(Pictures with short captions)

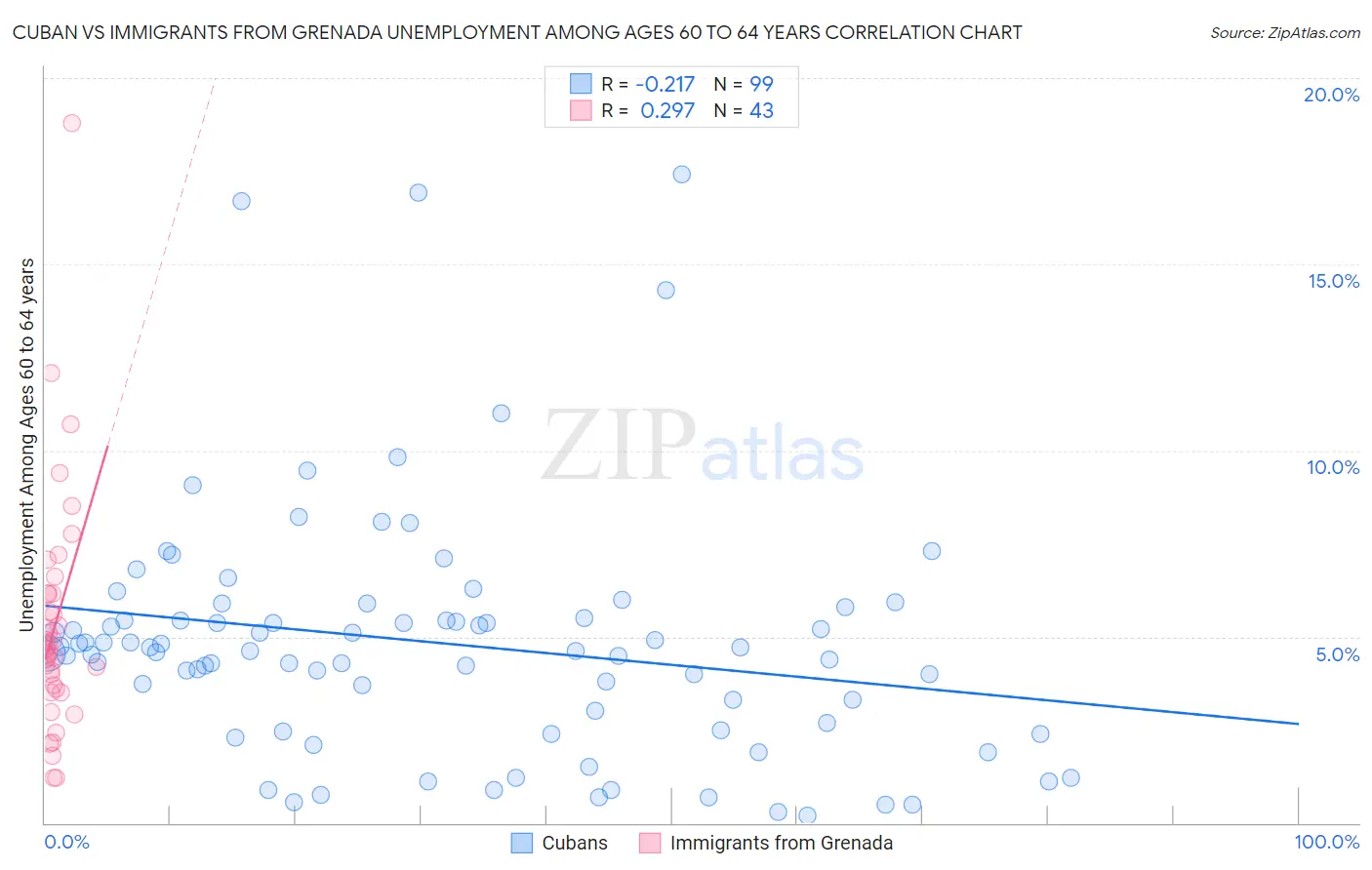 Cuban vs Immigrants from Grenada Unemployment Among Ages 60 to 64 years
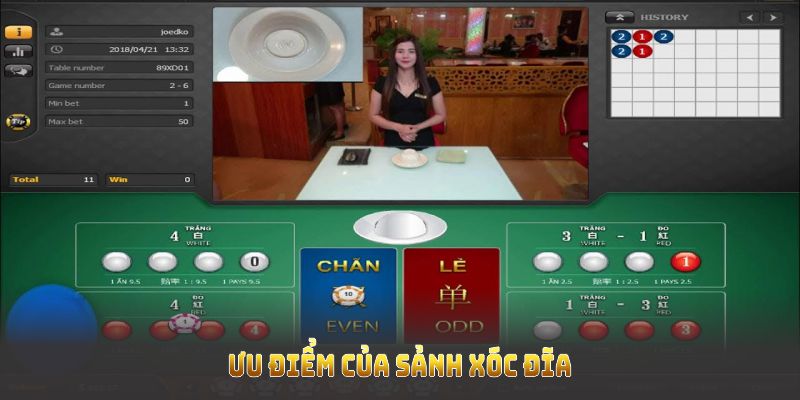 Những ưu điểm của sảnh xóc đĩa Kubet mà bạn không thể bỏ qua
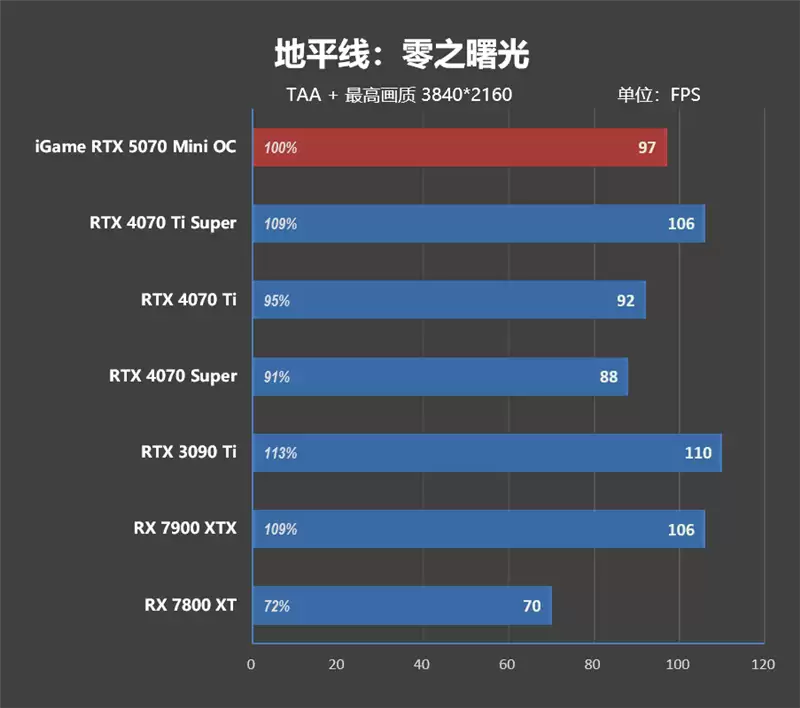 第一款高性能迷你显卡!七彩虹iGame RTX 5070 Mini OC 12GB评测:烤机一小时不到75度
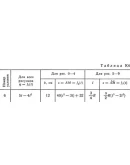 Решение К4-66 (Рисунок К4.6 условие 6 С.М. Тарг 1989 г)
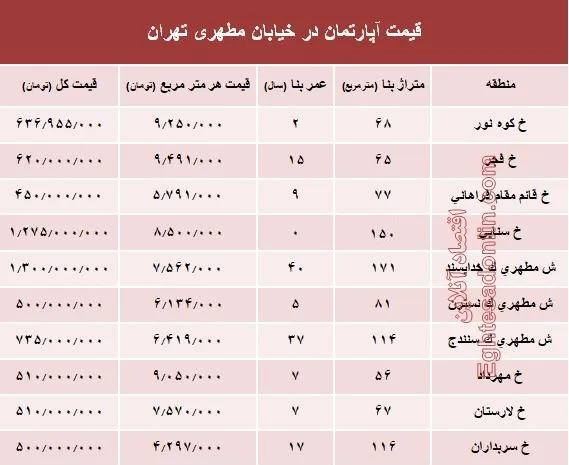 قیمت واحد مسکونی در خیابان مطهری تهران؟ +جدول
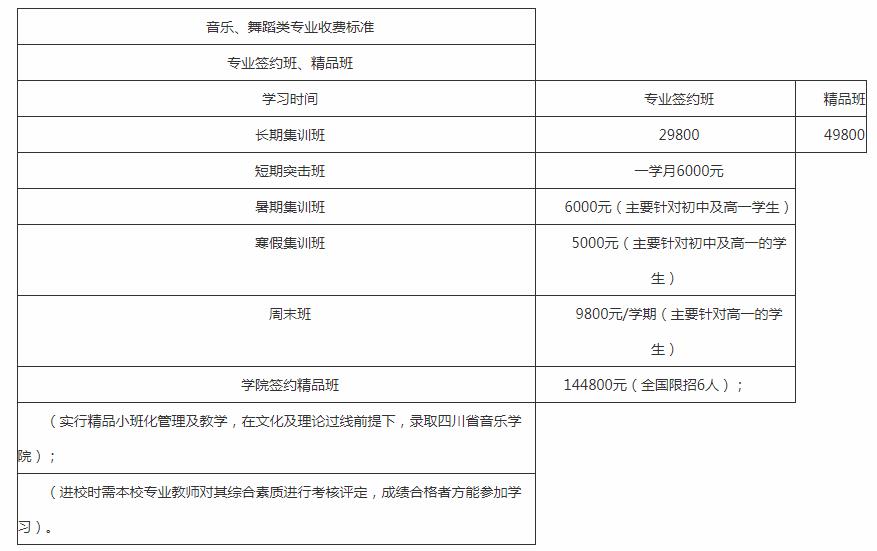 2022成都新亚艺术学校学费多少钱一年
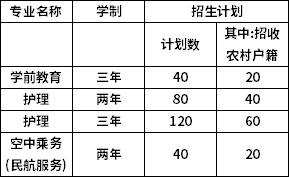 北京城市学院2020年高职自主招生专业计划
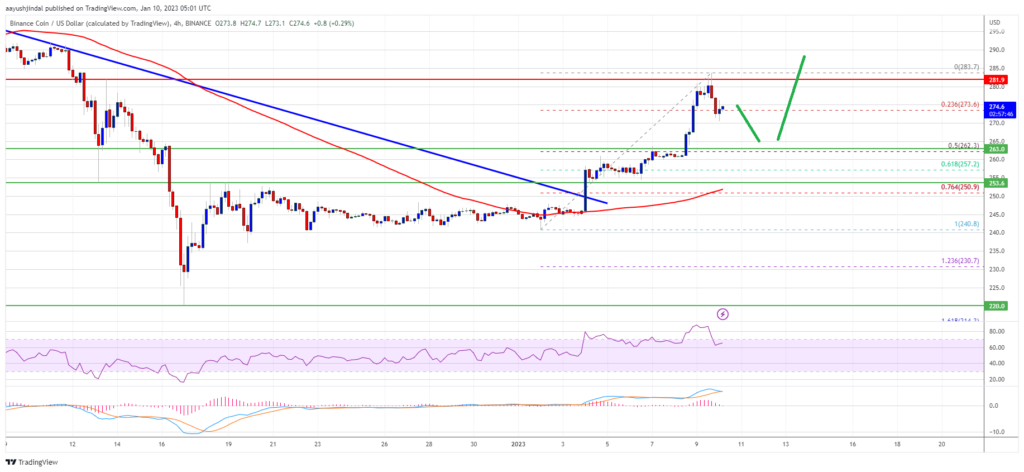 Altcoin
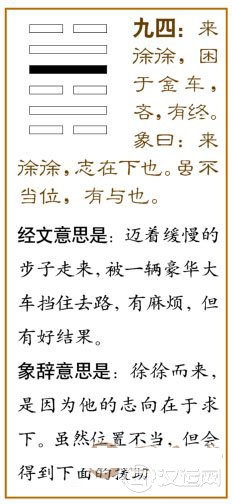 困卦第四爻，爻辞：九四：来徐徐，困于金车，吝，有终。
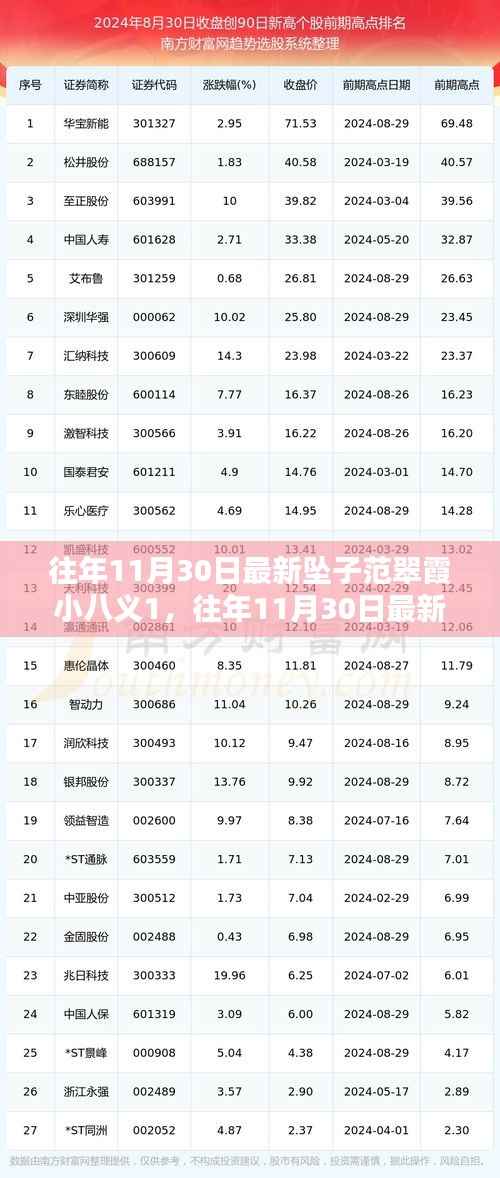 范翠霞小八义，传统坠子的崭新演绎与传承经典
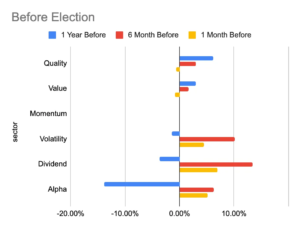Impact of Election on Indian Stock Market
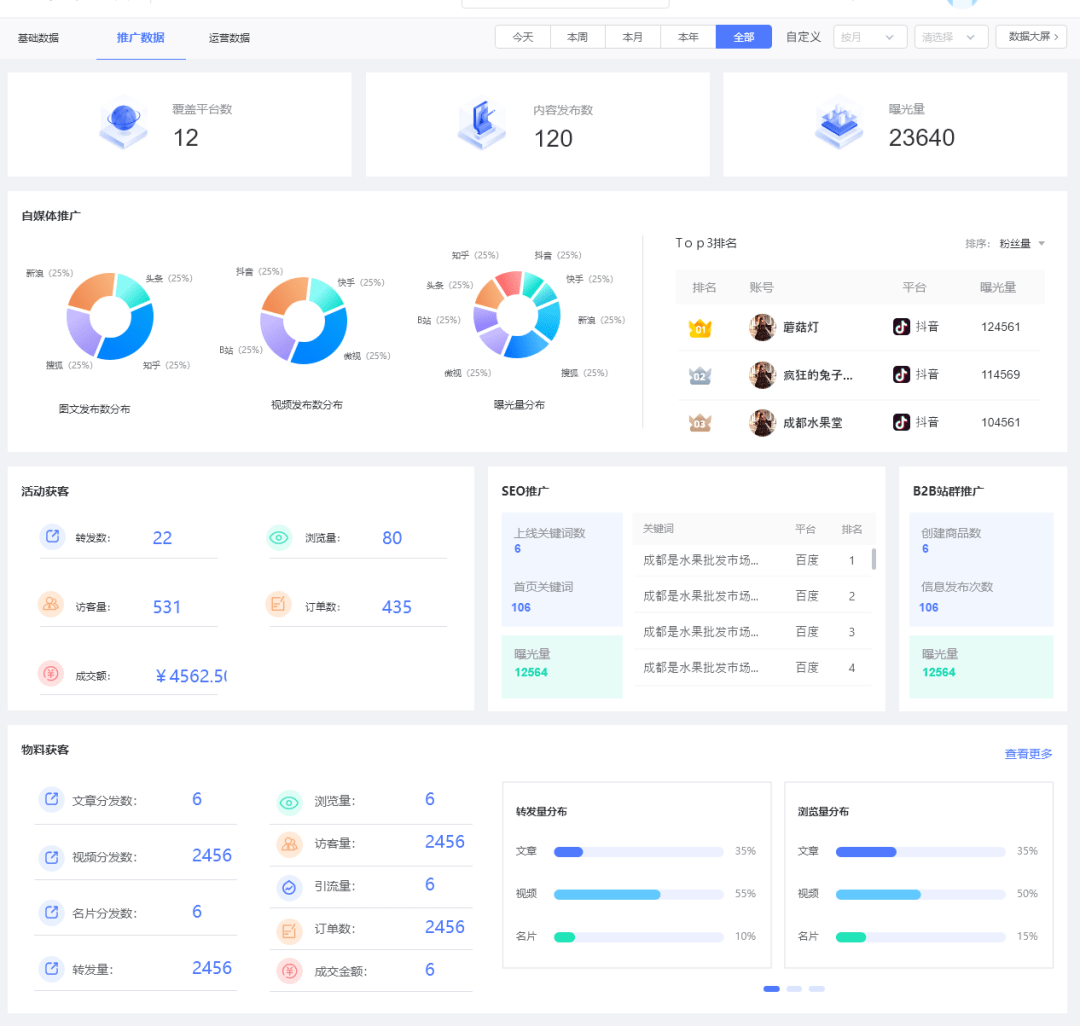 　　△ W云推广数据一览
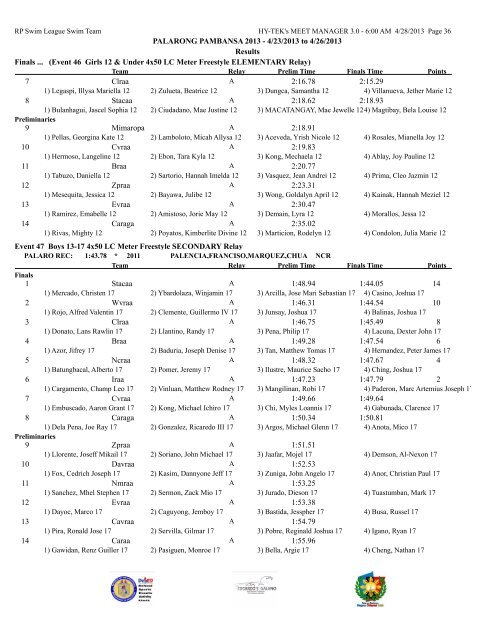 PALARONG PAMBANSA 2013 - 4/23/2013 to 4/26/2013 Results ...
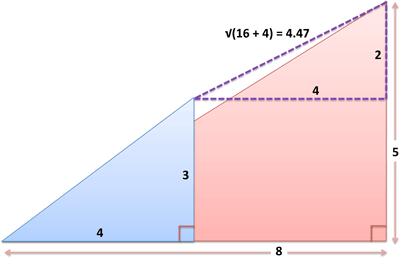 distance example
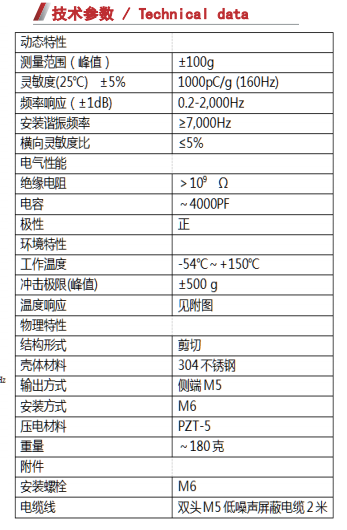 B1X15C01-壓電式加速度傳感器（高靈敏度PE型）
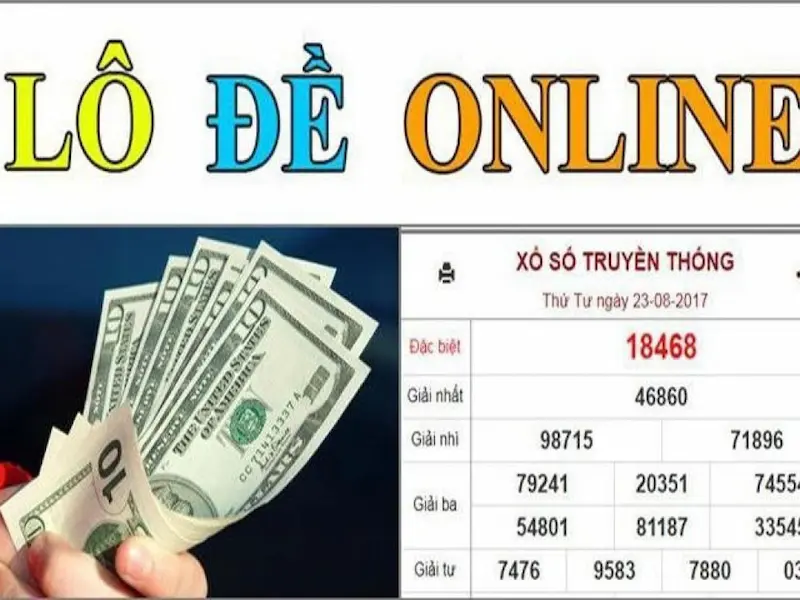 "Lô đề M88" - Đổi thưởng cùng thị trường đại dương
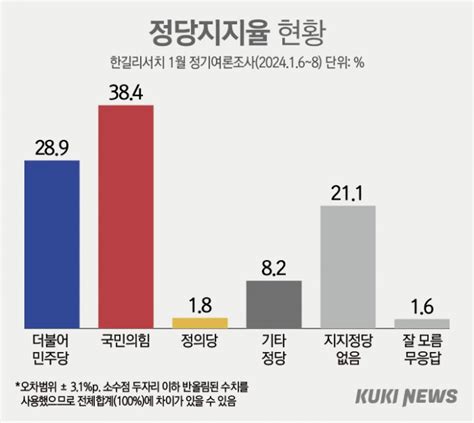 한길리서치 정당지지율 국힘 38 민주 28 차이가 엄청 크네요 Mlbpark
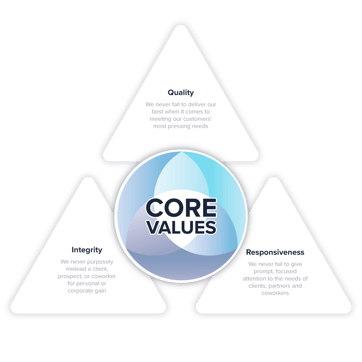 core_values.png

#### What is needed
All lines from the one with "trường đại dương" through the end of the records above must be reproduced exactly, both ends included, and the pictures must be left out.

#### Solution for this problem
 "Lô đề M88" - Đổi thưởng cùng thị trường đại dương
 한길리서치 정당지지율 국힘 38 민주 28 차이가 엄청 크네요 Mlbpark
 core_values.png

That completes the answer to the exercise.